Source records
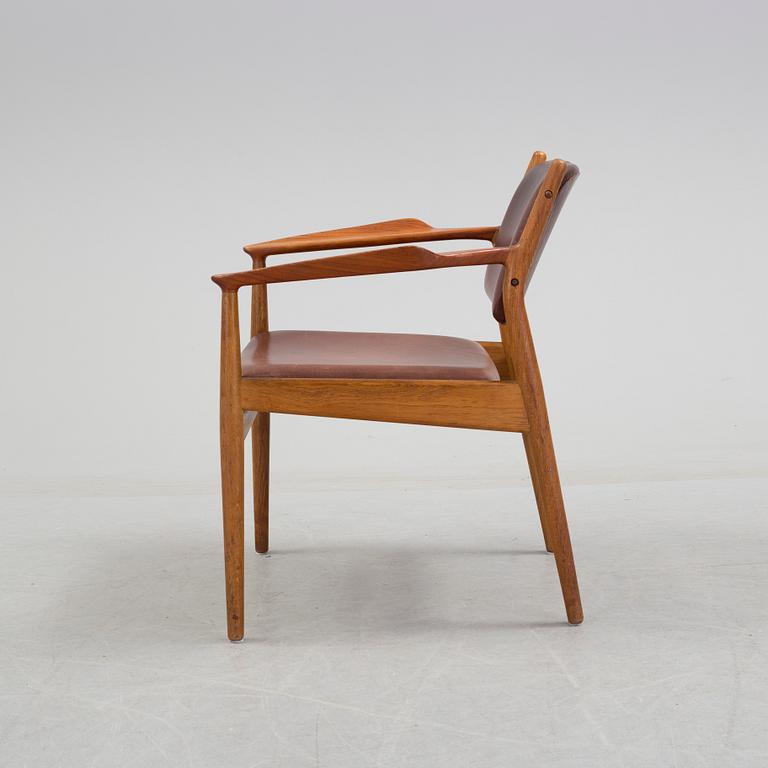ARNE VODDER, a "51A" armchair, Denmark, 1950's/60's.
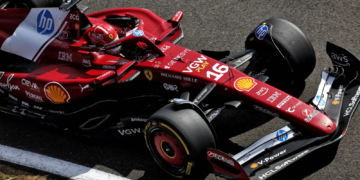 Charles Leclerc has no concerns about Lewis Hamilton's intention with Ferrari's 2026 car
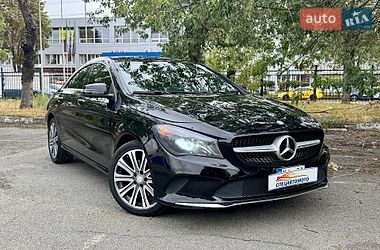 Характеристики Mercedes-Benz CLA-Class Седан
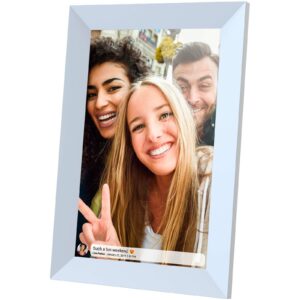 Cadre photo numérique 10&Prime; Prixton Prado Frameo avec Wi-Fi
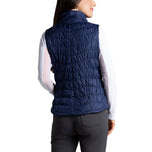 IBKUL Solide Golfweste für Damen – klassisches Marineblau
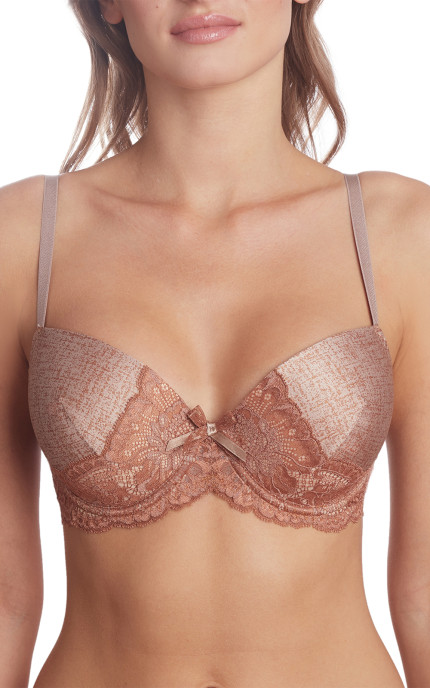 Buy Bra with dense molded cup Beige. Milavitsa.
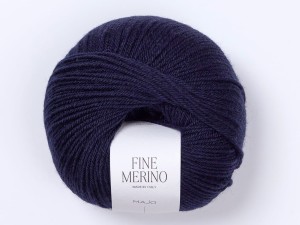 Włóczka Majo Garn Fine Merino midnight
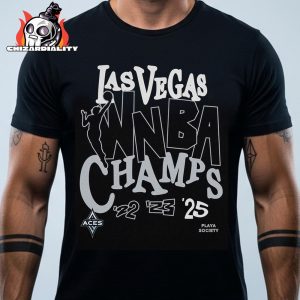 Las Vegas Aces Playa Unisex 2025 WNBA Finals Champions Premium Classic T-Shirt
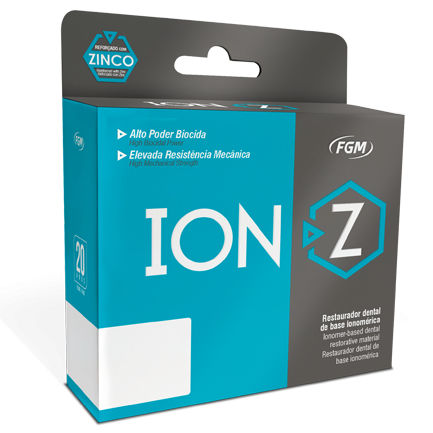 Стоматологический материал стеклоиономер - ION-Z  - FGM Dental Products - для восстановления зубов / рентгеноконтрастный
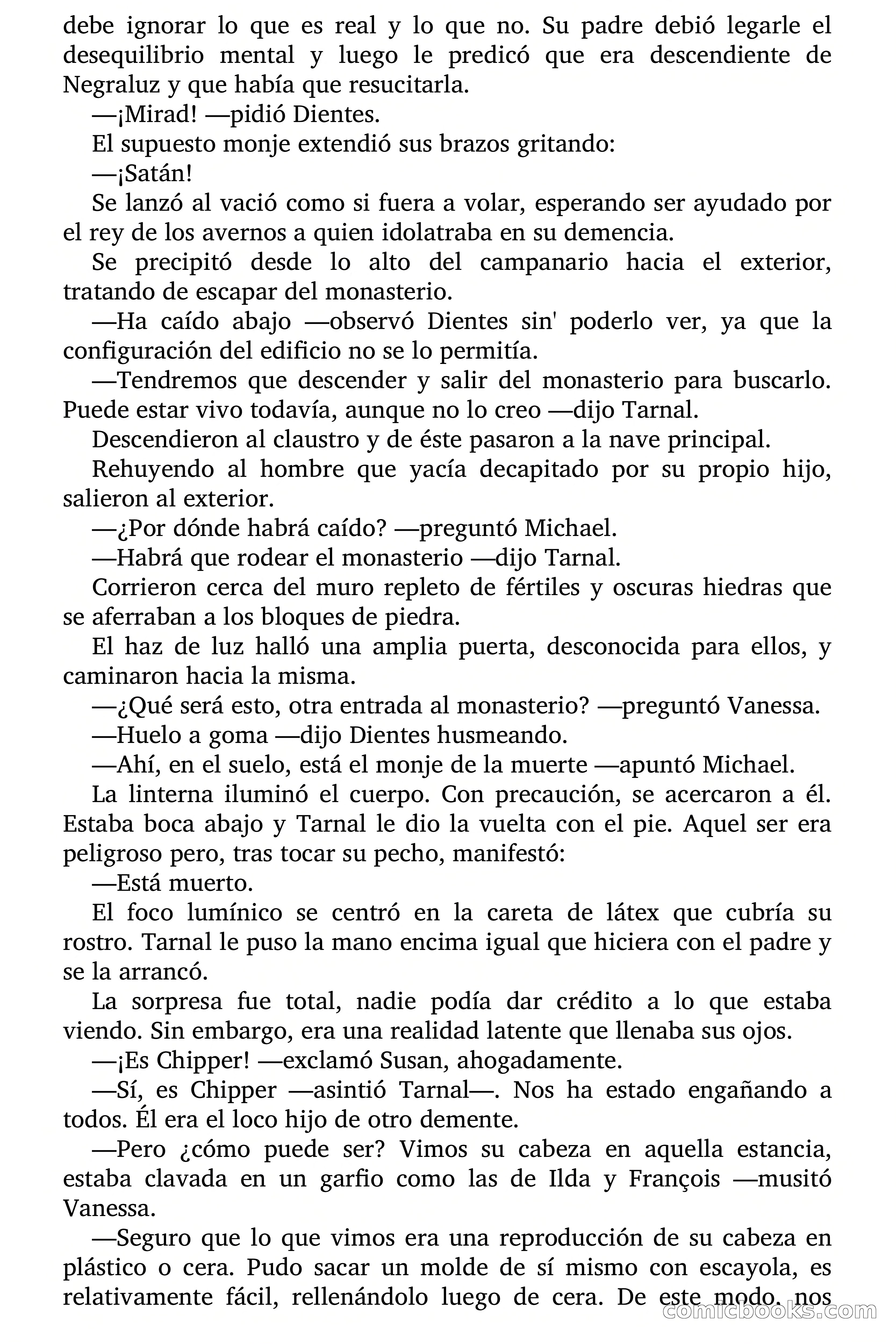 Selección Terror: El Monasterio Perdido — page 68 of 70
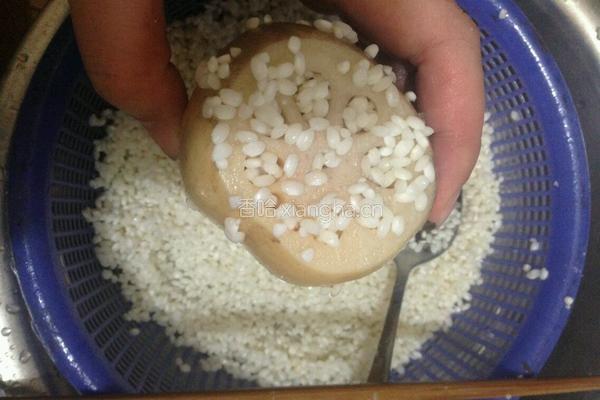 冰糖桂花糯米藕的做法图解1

__What is being asked__:
Word for word, reproduce all of the entries above and omit the pictures.

__Task response__:
ARNE VODDER, a "51A" armchair, Denmark, 1950's/60's.
 Charles Leclerc has no concerns about Lewis Hamilton's intention with Ferrari's 2026 car
 Характеристики Mercedes-Benz CLA-Class Седан
 Cadre photo numérique 10&Prime; Prixton Prado Frameo avec Wi-Fi
 IBKUL Solide Golfweste für Damen – klassisches Marineblau
 Buy Bra with dense molded cup Beige. Milavitsa.
 Włóczka Majo Garn Fine Merino midnight
 Las Vegas Aces Playa Unisex 2025 WNBA Finals Champions Premium Classic T-Shirt
 Стоматологический материал стеклоиономер - ION-Z  - FGM Dental Products - для восстановления зубов / рентгеноконтрастный
 Selección Terror: El Monasterio Perdido — page 68 of 70
 冰糖桂花糯米藕的做法图解1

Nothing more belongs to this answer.